There are 1 best solutions below

0
On BEST ANSWER

If $\hat{p}_{a'} > \hat{p}_{a^*}$, then either $\hat{p}_{a'} > x$ or $\hat{p}_{a^*} < x$, because if neither is true, then $\hat{p}_{a'} < x < \hat{p}_{a^*}$, which would be a contradiction. Just replace $x$ by $r^* - \epsilon/2$ to get:

$P(\hat{p}_{a'} > \hat{p}_{a^*}) \geq P$($\hat{p}_{a'} > r^* - \epsilon/2$ or $ \hat{p}_{a^*} < r^* - \epsilon/2$).

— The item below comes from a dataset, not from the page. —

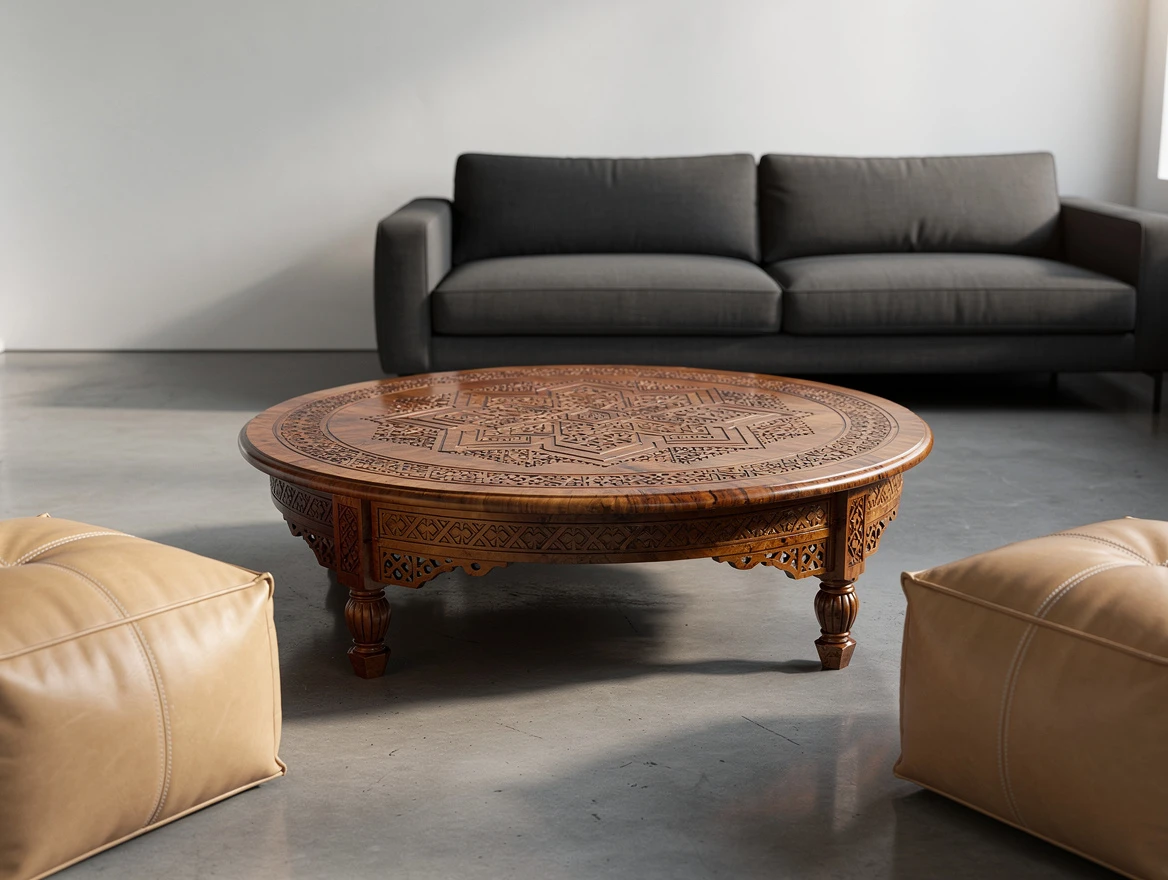Table basse en thuya sculpté avec marqueterie dans intérieur contemporain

Now, note that $E(R(a')) + \epsilon/2 < r^* - \epsilon/2$, so we have

$\{\hat{p}_{a'} > r^* - \epsilon/2 \} \subset \{ \hat{p}_{a'} > E(R(a')) + \epsilon/2 \}$, since if $p > a$, $p > b$ if $a > b$. We further have $P(A) \leq P(B)$ if $A \subset B$ from which that first line follows.